Davalı tarafın ödeme emrinin tebliğ edildiği gerçek borçlunun adresi yerine, davacının adresine giderek menkul haczi ve muhafazası yapmak istediği, davacının beyan ve belgelerini dikkate almaksızın ısrarla davacı şirket üzerine gittiği, hatta Ankara … İcra Hukuk Mahkemesinin davacı şirkete ait araçlar üzerindeki yakalama şerhinin kaldırılmasına dair ara kararı üzerine aslında takip konusu alacağının çok üzerinde kıymete haiz aracı, kaydında haczinin de bulunmasına rağmen yine menkul haczi ve muhafaza talebinde bulunduğu, bunun üzerine Mahkemece davacı şirket yönünden takip usuli işlemlerinin dava sonuna kadar geçici olarak durdurulmasına dair 24.08.2016 tarihli kararın verildiği, bu karara karşı da davalı tarafça 29.08.2016 ve 25.11.2016 tarihlerinde durdurma kararının kaldırılması talebiyle itiraz edildiği Ankara … İcra Hukuk Mahkemesinin … esas sayılı dosyası içeriğinden anlaşılmaktadır. Davalı taraf, bu süreç içerisinde yapılan itirazlara, sunulan ve toplanılan delillere rağmen, gerçek borçlu şirket hakkında bir araştırma ve işlem yapmaya gerek görmemiştir. Anayasa’da ifade edilen hak arama hürriyetinin, başkalarının haklarını ihlal eder şekilde kullanılması mümkün değildir. Hal böyle olunca davalının, dosya borçlusu olmayan ve aralarında bir ilişki olduğunu ispatlayamadığı, bu konuda yapılan uyarıları da dikkate almadan davacı şirket aleyhine yürüttüğü haksız icra takibi ve haciz işlemlerinden doğan zarardan sorumluluğu bulunmaktadır. Davacının davalıdan talep edebileceği, belgelendirdiği ve bilirkişi tarafından makul olduğu değerlendirilerek hesaplanan toplam maddi zararı 612,00 TL’dir. Fakat davacı 543,50 TL talep etmiştir. Taleple bağlılık ilkesi gereğince davacının talebi de gözetilerek maddi tazminat talebinin kabulüne karar verilmesi cihetine gidilmiştir.
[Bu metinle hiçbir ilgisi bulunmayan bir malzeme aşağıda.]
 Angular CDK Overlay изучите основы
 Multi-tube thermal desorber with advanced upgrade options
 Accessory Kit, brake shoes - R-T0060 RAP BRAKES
Davacı haksız icra takibi ve haciz işlemlerinden dolayı davalıdan manevi tazminat talebinde de bulunmuştur. Aleyhine yapılan haksız icra takip ve haciz işlemleri neticesinde davacı şirketin kredi ilişkisi içerisinde bulunduğu bankalar vs. kurumlar nezdinde ticari itibarının zedelendiği, uzun bir süre bu hacizlerle uğraşmak zorunda kaldığı ve … plaka sayılı aracının bağlandığı dosya kapsamıyla sabittir. Bankaların müşterilerinin mali durumlarıyla, özellikle icra takipleriyle ilgili istihbarat topladıkları da bilinen bir gerçektir. Tüzel kişilerin de hukuk sujesi olarak tanınmasına, onlara ad, şeref, onur ve itibar gibi kişisel varlıklar bahşedilmiş olmasına göre tüzel kişilerin de manevi tazminat talep edebileceklerini kabul etmek gerekmektedir. Manevi zarar, salt üzüntünün varlığı halinde değil, kişinin kişilik değerlerinin saldırıya uğraması durumunda gerçekleşen bir zarardır. Bu itibarla, haksız icra takibi ve haciz işlemleri nedeniyle davacı şirketin kişilik değerlerinin ve ticari itibarının davalı tarafından zedelendiği kanaatine varılarak, davacının manevi tazminat talebinin kısmen kabulüne, 5.000,00 TL manevi tazminatın davalıdan tahsili ile davacıya verilmesine, fazlaya ilişkin talebin ise reddine karar vermek gerekmiştir.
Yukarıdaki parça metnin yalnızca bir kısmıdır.